GENTLEMAN JIM reviewed by

Gentleman Jim    |    John Hogan    |    July 23, 2008

At first glance, GENTLEMAN JIM looks like a child’s board book. Its small size and playful cover don’t give much of a hint as to its dense contents and marvelously constructed themes. A quick flip inside its pages reveals the truth, however: This is a deliciously funny and witty book for grownups --- but kids might like it too.

Author and illustrator Raymond Briggs has certainly balanced his work between kids’ tales and more adult-oriented fare, from things like FATHER CHRISTMAS and THE SNOWMAN to WHEN THE WIND BLOWS, an ominous graphic novel take on nuclear war. At a scant 32 pages, GENTLEMAN JIM is a short yet delightful bit of whimsy that wouldn’t be inappropriate for children but has enough smart edginess underlying its story that mark it as a sweet story for adult dreamers.

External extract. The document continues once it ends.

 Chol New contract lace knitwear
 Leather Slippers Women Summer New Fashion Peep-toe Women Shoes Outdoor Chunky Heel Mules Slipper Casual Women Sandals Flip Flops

The title character, Jim Bloggs, has a steady but unfulfilling job cleaning toilets. He wants to do more, so much more, and he dreams of it constantly, looking at want ads and trying to figure out what steps to take. But every attempt Jim makes to advance his career to new heights is met with disdain and disapproval from an authority figure.

Tellingly, those authority figures are sparsely illustrated, sometimes just angular features obscuring any real details (like a face, for example). Ever an optimist, Jim still perseveres, blissfully unaware of the sheer futility of his plight. It’s almost heartbreaking to witness, or at least it would be if Briggs didn’t take so much care to ensure the story stayed light. There’s real hope inside Jim; no wonder he remains one of Briggs’s signature characters. He still resonates.

As direct commentary on societal structures, GENTLEMAN JIM uses brevity to its benefit. The book was first published in 1980, just a year after Margaret Thatcher had become England’s first female prime minister. That its British-born author directed most of his social commentary at his native society doesn’t diminish GENTLEMAN JIM for American readers.

Jim and his wife, Hilda, are rumored to be based on Briggs’s own parents, whose lives he detailed in ETHEL & ERNEST. Jim and Hilda made their own return in 1982’s WHEN THE WIND BLOWS, which pitted the two against the perils of nuclear winter.

Always, Briggs finds a way to draw humor and hope out of sadness and despair. He’s also a master at using symbolism in his design to support his story: Notice the size of the panels in GENTLEMAN JIM, for example, and how they reflect Jim’s plight in life throughout the story. It’s a pleasure to see Drawn & Quarterly reviving one of his pivotal works in such a nice edition. Briggs has long been overlooked in the field --- even though he’s worked steadily writing and/or illustrating since the late 1950s –-- so it’s good to see him get his due.